··· Records shown ···

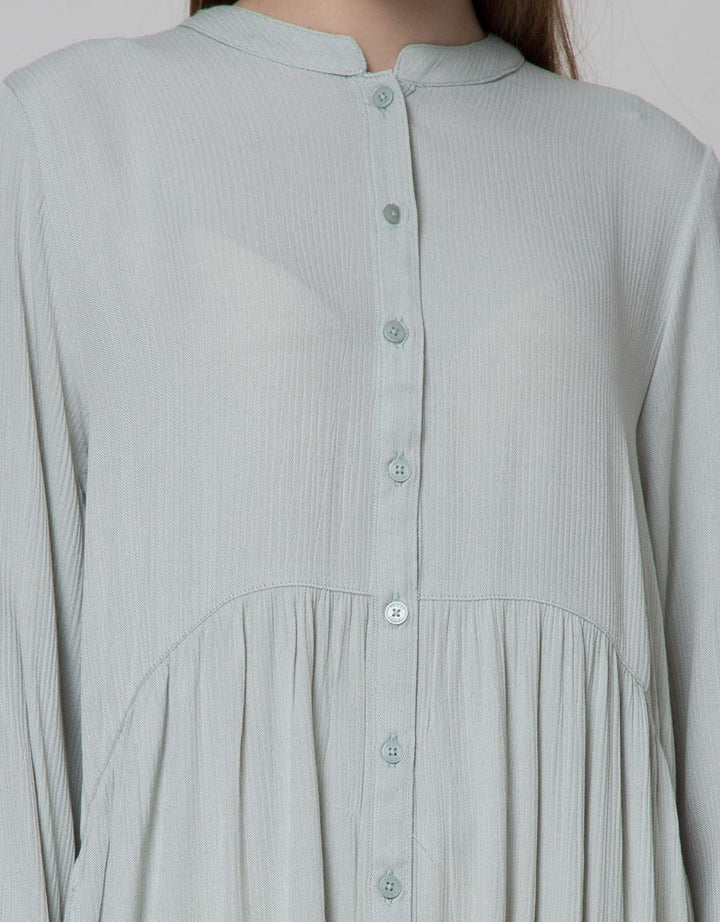 Triset Ladies Dress Rumbai
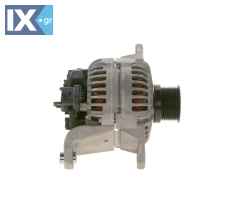 0124655499 A004TR5392 7420862899 0910378 20409240 20849351 7420849351 7421429786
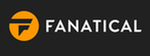 Fanatical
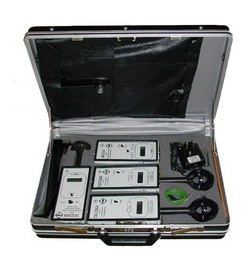 5_ciklon-05m-a.jpg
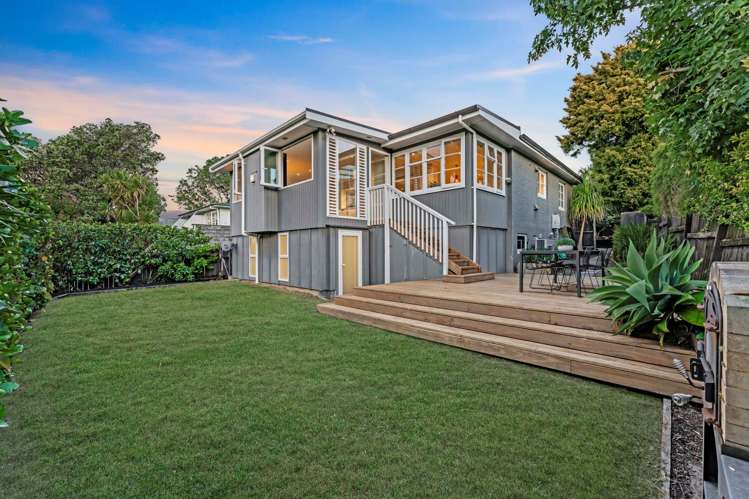 8 Robley Crescent Glendowie_22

···

Exercise aim =
Images stay out; everything else in the records must be given again exactly.

Solution for this problem =
 Triset Ladies Dress Rumbai
 0124655499 A004TR5392 7420862899 0910378 20409240 20849351 7420849351 7421429786
 Fanatical
 5_ciklon-05m-a.jpg
 8 Robley Crescent Glendowie_22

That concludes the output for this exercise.